Accessibility at Vγ3 is increased by TSA in adult-derived thymocytes. (A) Ligation-mediated PCR analysis of organ-cultured thymocyte DNA used in Fig. 2 B to measure SBEs at Vγ2 and Vγ3. (B) RT-PCR analysis of RNA prepared from fetal liver- and adult bone marrow (BM)-derived thymocytes cultured for 7 d with (+) or without (−) TSA, and from E16 and adult TN (ATN) thymocytes (Thy). Fivefold serial dilutions of cDNAs and reaction without reverse transcriptase (RT−) were amplified for Vγ2, Vγ3 GLTs, and GAPDH transcripts. (C) Kinetic analysis of transcript levels in organ-cultured thymocytes. Transcript levels measured as in B are shown as the ratio to those in E16 thymocytes.

Figure 2

TSA induces Vγ3 rearrangements in adult-derived thymocytes. (A) Flow cytometric analysis of organ-cultured thymocytes in fetal thymic lobes repopulated with E14 fetal liver and adult bone marrow (BM) cells. Thymocytes cultured for 14 d with (+) or without (−) TSA were stained with FITC-Vγ2 and PE-CD3ε, or PE-Vγ3 and FITC-CD3ε antibodies. Average cell numbers per lobe from four lobes and percentages of cells for a given phenotype are shown above and inside each panel, respectively. (B) PCR analysis of organ-cultured thymocyte DNA to measure coding joints (CJ) and signal joints (SJ) of Vγ2-Jγ1 or Vγ3-Jγ1, and CD3ε gene for a control.

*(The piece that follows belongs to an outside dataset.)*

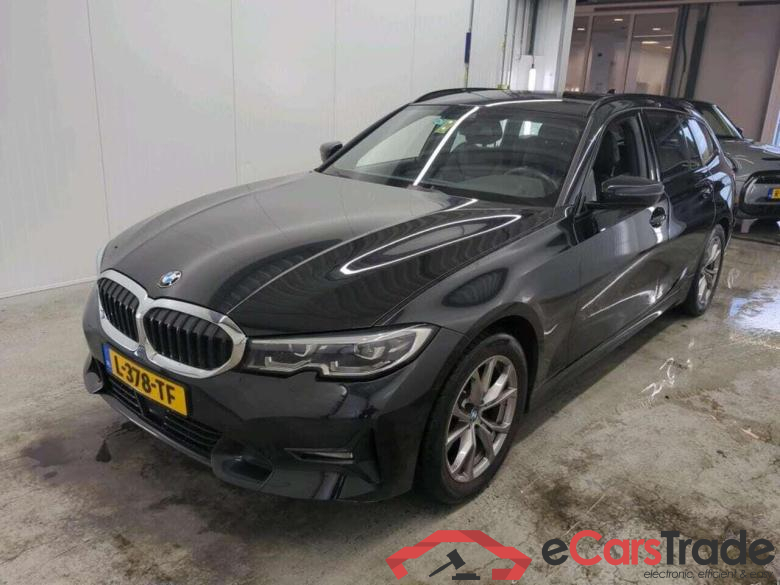 BMW 3-serie Touring 318i Executive Ed. BMW 3-serie Touring 318i Executive Ed.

Fivefold serial dilutions of E16 and adult TN (ATN) thymocyte (Thy) DNA and no DNA control (DNA−) were also subjected to PCR.

Figure 4

Histone acetylation at Vγ3 is increased by TSA in adult-derived thymocytes. (A) Histone acetylation measured by ChIP assay in adult bone marrow (BM)-derived thymocytes cultured for 15 days with (+) or without (−) TSA. ChIP and PCR analysis were performed as in the legend to Fig. 1 except that twofold serial dilutions of input DNA were amplified. (B) Histone acetylation levels in thymocytes cultured with (shaded bars) or without (black bars) TSA measured in A are shown as relative histone acetylation levels to that of the CD3ε locus.